"Terus aja telusurin pohon sawitnya, nanti di ujung itu pohon durian, turun ke bawah. Di situ rumahnya," tambah temannya.
Saya kemudian mengikuti petunjuk itu. Curam sekali ke bawah. Tapi di bawah saya menemukan hal yang tak lazim. Rumah Pak Hussein ternyata cukup mewah. Atapnya genteng dan lantainya dari keramik berkilat. Saya ketuk pintunya.
"Pak Hussein sedang memanen jengkol. Mau nunggu?" Kata Bu Hussein menyambut saya.
"Boleh bu, sekalian izin menggunakan toilet untuk membasuh badan," jawab saya. Saya baru ingat sudah seharian tidak mandi karena berkendara dari Jakarta.
Usai mandi, kami mengobrol.
"Dari Jakarta? Oh, saya dan suami dulu juga di Priok tinggalnya. Bapak usaha dagang besi tua bekas kapal. Belakangan Bapak beli bibit sawit dan ditanam di kebun dan bangun rumah. Kita memutuskan tinggal di sini saja." ia duduk di kursi rotan yang tidak terlihat murah sama sekali.
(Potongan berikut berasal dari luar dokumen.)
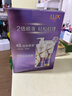 力士（LUX）水润丝滑洗护发超值装650g+350g  洗发水护发素套装 实拍图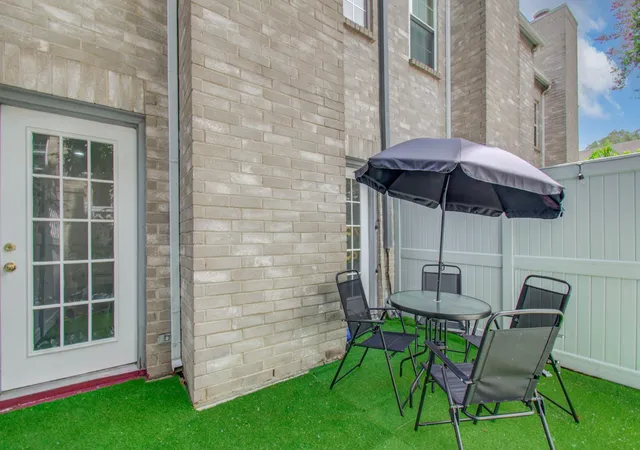 Photo 3 of Condo for sale at 6000 Reims Rd #3706, Houston, TX 77036 | MLS# 51092442 | Listing updated on 2026-08-01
Bu Hussein dengan bangga menceritakan bagaimana kebunnya dan suami sebenarnya tidak terlalu bergantung ke sawit. "Durian juga ada. Bapak menanam durian tembaga yang mahal itu. Kalau sudah musim panen, habis diborong Rp 100 ribuan sebuahnya." Ia menunjuk pondok di depan rumah yang tipikal tempat berjualan durian.
"Kalau bapak memang apa saja yang bertemu, ditanam. Dapat bibit merica, ditanam. Dapat nenas, ditanam. Apa saja ditanam," tambahnya lagi.
Setelah mengambil beberapa foto Bu Hussein, saya pamit untuk mengecek kebunnya yang berada di belakang rumah. Bu Hussein mempersilakan.
"Iya, ini kebun saya. Itu di atas ada durian, merica, cokelat, cengkeh, nenas. Selingannya sawit," jelas Pak Hussein yang baru saja saya temui. Ia memegang tangan saya supaya bisa kokoh berjalan.